The United States Air Force has pioneered a new system and is trying to make use of artificial intelligence and drone tech in order to halt any active shooters throughout military installations.
One company, ZeroEyes, has created a new system labeled “The Drone-Robot Enabled Active Shooter Deterrence system” that is going to be combined with artificial intelligence-controlled gun-detection software used by the security system throughout Ellsworth Air Force Base, South Dakota, read a report from National Defense Magazine.
“The entire idea behind the platform is being able to take a robot and ultimately impede, disorient an active threat on an installation before they can do any more damage,” stated a spokesman for ZeroEyes, JT Wilkins.
Due to the fact that the vast majority of active shooter instances feature the shooter holding an exposed weapon for around two to 30 minutes before a single shot is fired from the weapon, the drone employed by the Air Force would sound a siren or make use of a strobe to distract the shooter.
“That’s ultimately where we want to be able to get these detections out and be able to send a robot to potentially interdict while we’re getting up a squad car from one side of the base to the other,” stated Wilkins, before adding, “You know that every AI is going to throw false positives, and that’s why we put a human reviewer in there to make sure that we can mitigate some of that.”
Once the threat has been officially verified, a human being that is responsible for the launching of the robotic dogs or other responses will manually instigate the system’s reaction.
“The pilot will continue over a 15-month period through a $750,000 direct-to-phase II Small Business Innovation Research grant from AFWERX, the service’s technology accelerator,” reported.
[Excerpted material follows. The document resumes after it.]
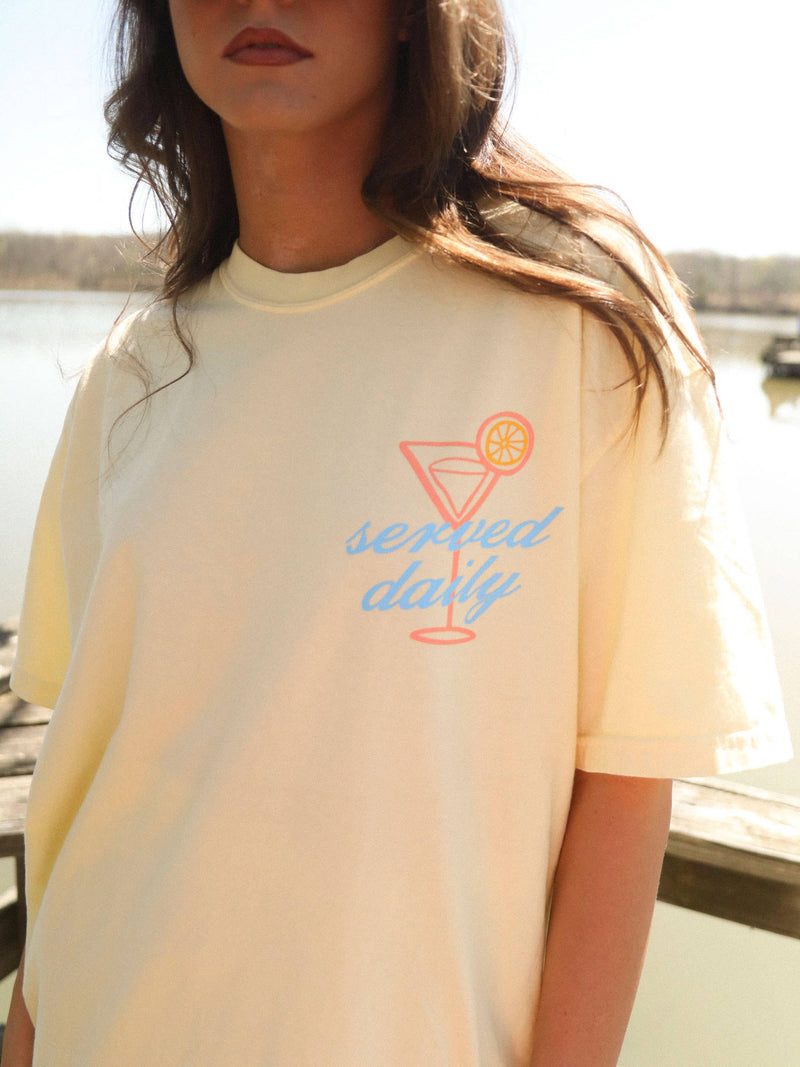 Docktails Butter Yellow Cream Graphic T-Shirt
National Defense Magazine.
“A review of media reports by The New York Times found 30 shootings and other violent episodes at American military installations since the Fort Hood attack in 2009,” read a report from the New York Times stated back in 2019.
“You would think that one place that would be almost immune from these sorts of attacks would be a military base,” stated Neal M. Sher, who was the representative of the victims of the first attack against Fort Hood.
After the second attack targeting Fort Hood in 2014, one survivor of the attack, First Lt. Patrick Cook, lamented the new rules that blocked soldiers and sailors from taking their personal firearms with them into the installation, claiming, “This will happen again, and again until we learn the lesson that suppressing the bearing of arms doesn’t prevent horrific crimes, it invites them.”